__EXERCISE DIRECTIONS__
Strip out the pictures and output each remaining line of the data word for word.

__DATASET EXCERPT__

:::::

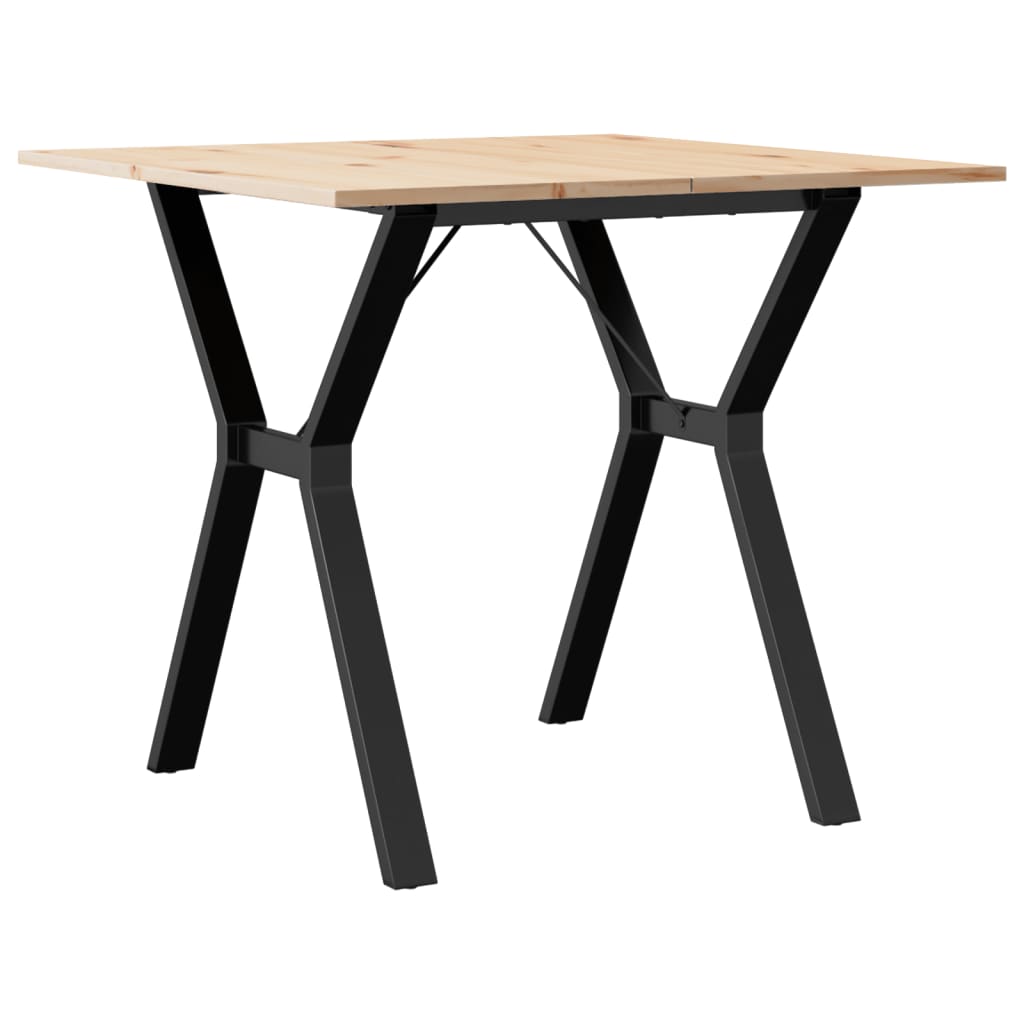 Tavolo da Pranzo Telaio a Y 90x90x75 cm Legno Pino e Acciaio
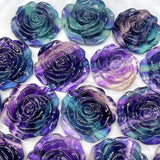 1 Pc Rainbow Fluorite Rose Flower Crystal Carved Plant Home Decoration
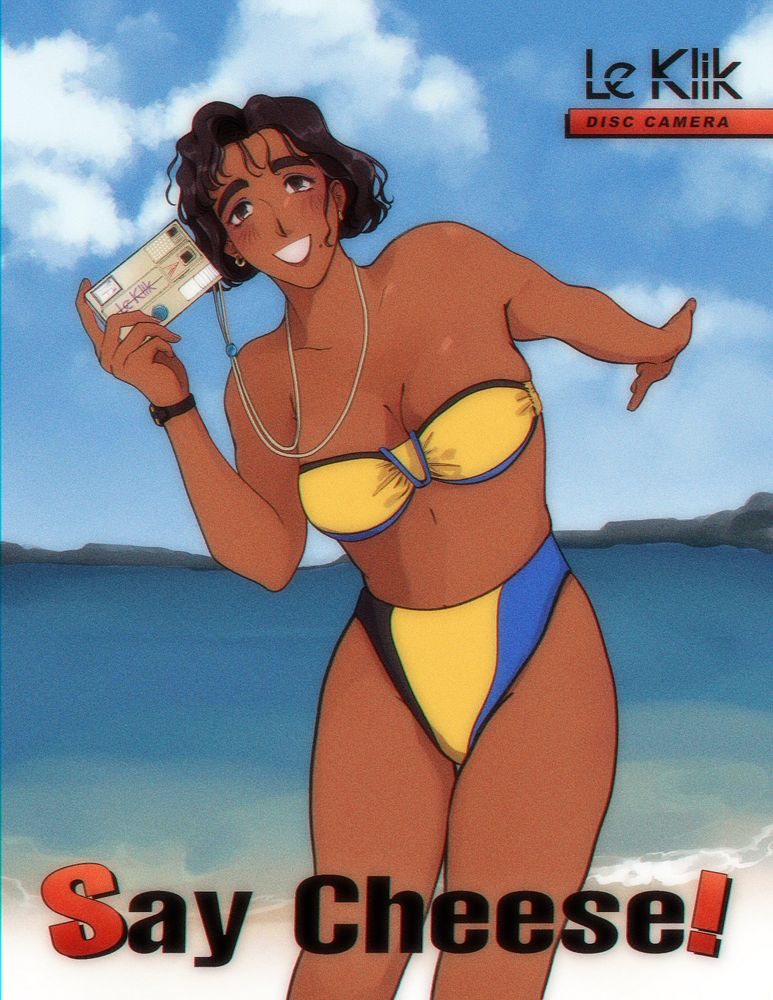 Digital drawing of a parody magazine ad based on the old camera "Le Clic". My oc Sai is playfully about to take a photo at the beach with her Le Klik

:::::

__TASK SOLUTION__
 Tavolo da Pranzo Telaio a Y 90x90x75 cm Legno Pino e Acciaio
 1 Pc Rainbow Fluorite Rose Flower Crystal Carved Plant Home Decoration
 Digital drawing of a parody magazine ad based on the old camera "Le Clic". My oc Sai is playfully about to take a photo at the beach with her Le Klik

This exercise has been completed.